In a world where compliance is a necessary evil, AI-native startup Delve just landed $32 million in Series A funding, backed by Insight Partners, to take on the headache head-on. The legal tech company, now valued at $300 million, says it’s time to stop drowning in compliance paperwork and let AI handle the grunt work.

Let’s be real—frameworks like HIPAA, GDPR, SOC 2, and ISO 27001 are rigid. But companies? They’re messy. Fragmented systems, inconsistent workflows, scattered data—it’s no wonder compliance teams are overwhelmed.

Co-founder Karun Kaushik puts it bluntly:

“Teams spend their days taking screenshots and filling out spreadsheets just to prove they’re compliant.”

Key Takeaways:

  • Delve’s platform uses AI agents to automate compliance tasks like screenshots, policy Q&As, and infrastructure scans.
  • Targets standard frameworks: SOC 2, HIPAA, GDPR, ISO 27001, and the new ISO 42001 for AI risk.
  • Works across fragmented company systems without requiring process overhauls.
  • Built by MIT, Stanford, and Berkeley researchers—this isn’t your average compliance tool.
  • Could impact law firms and ALSPs dealing in granular compliance support.
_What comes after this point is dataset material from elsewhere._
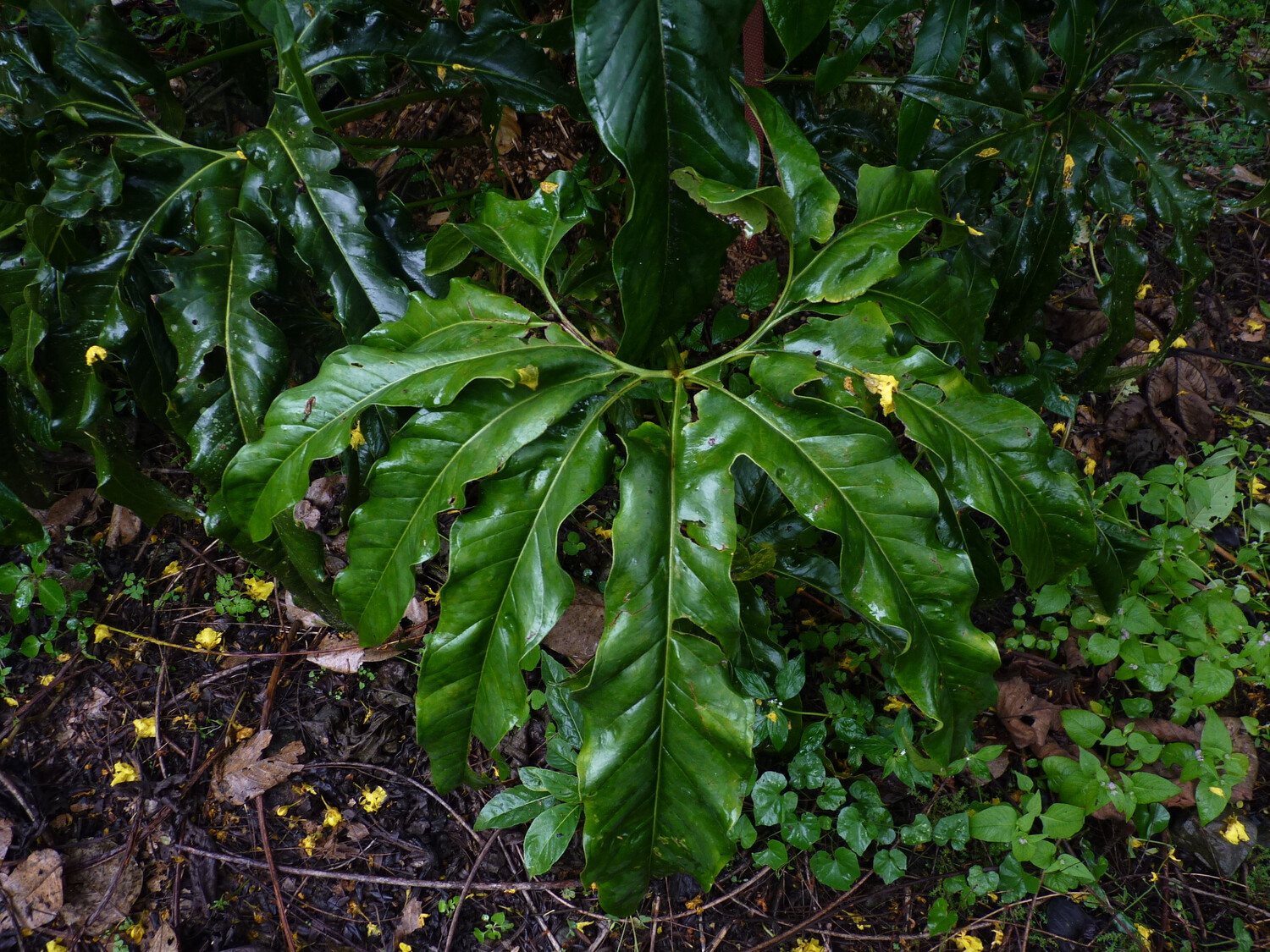 Anthurium Pedatum Show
From Duct Tape to Deep Tech

Instead of relying on duct-taped workflows stitched together with email, Slack, and spreadsheets, Delve promises a platform that feels like hiring an extra compliance team—minus the burnout.

Their toolset includes:

  • Browser agents that take automatic compliance screenshots
  • AI security questionnaires that pre-fill vendor forms
  • Code and infrastructure scanners to catch compliance issues before production
  • AI policy assistants that answer staff queries in real time

That’s not just a time-saver—it’s a mind-saver.

Why It Matters

Compliance is a $10B+ global industry, yet most companies still rely on manual proof and point solutions that only automate tiny pieces of the puzzle. Delve is going full-stack: building agents that understand your internal systems, adapt to your context, and automate end-to-end tasks.

Kaushik adds,

“Legacy tools are inflexible. No platform knows your internal processes well enough. Delve adapts—your company doesn’t have to.”
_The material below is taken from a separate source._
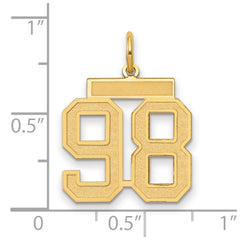 14k Medium Satin Number 98 Charm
This approach could have ripple effects beyond just enterprise SaaS companies. Legal teams, particularly in compliance-heavy sectors, may find themselves collaborating more with AI platforms like Delve as regulatory demands continue to mount.
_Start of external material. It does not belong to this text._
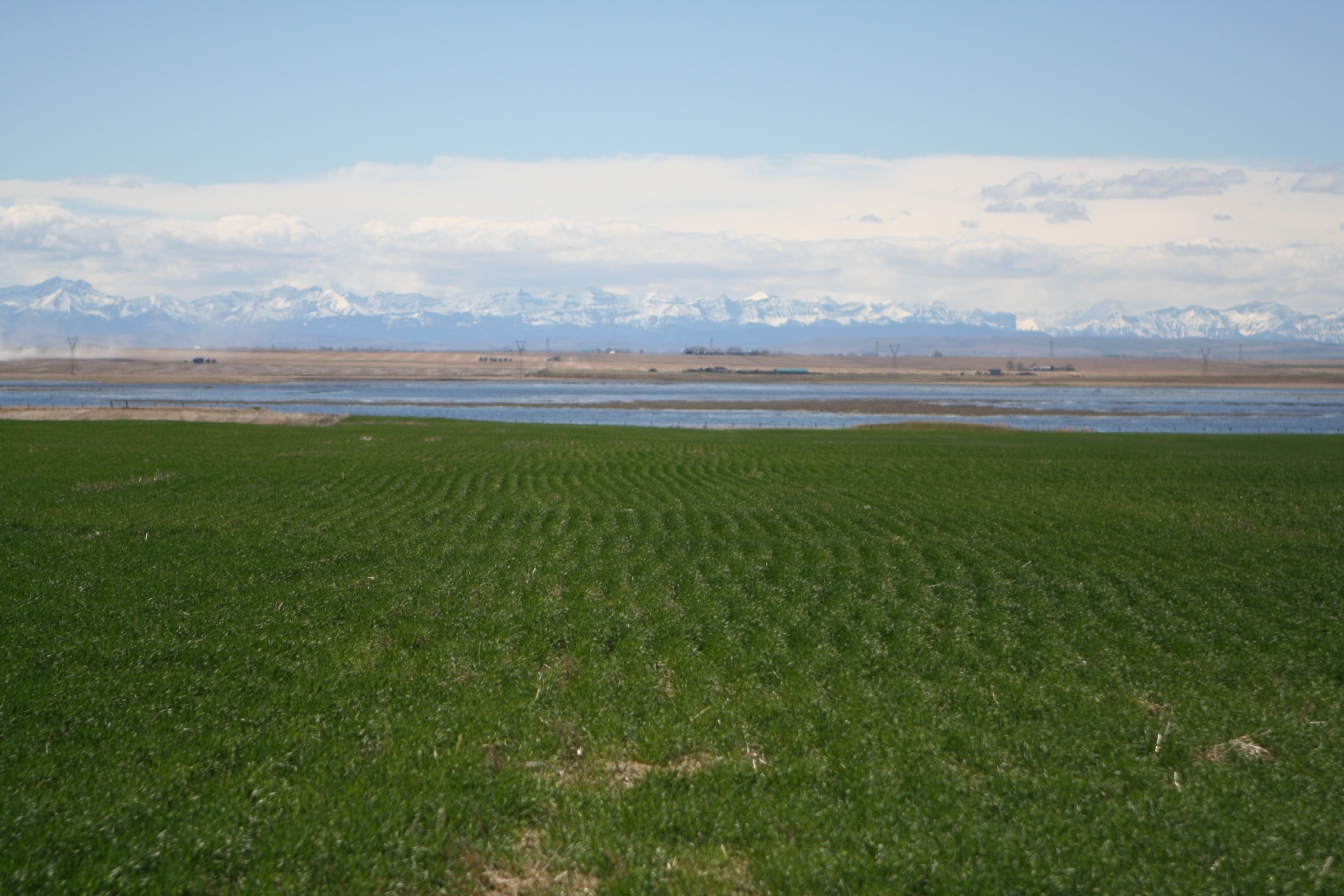 Winter wheat in AB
The inclusion of ISO 42001, the newly-minted AI risk compliance framework, also signals Delve’s forward-thinking strategy—anticipating the next regulatory frontier as artificial intelligence becomes core to how businesses operate.

Conclusion

Delve is already partnering with fast-moving innovators like Loveable, the generative AI startup known for “vibe coding.” Expect more integrations and AI-native features to roll out as regulatory pressure—and competition—intensifies.

For now, Delve’s mission is clear:
Make compliance automatic, not awful.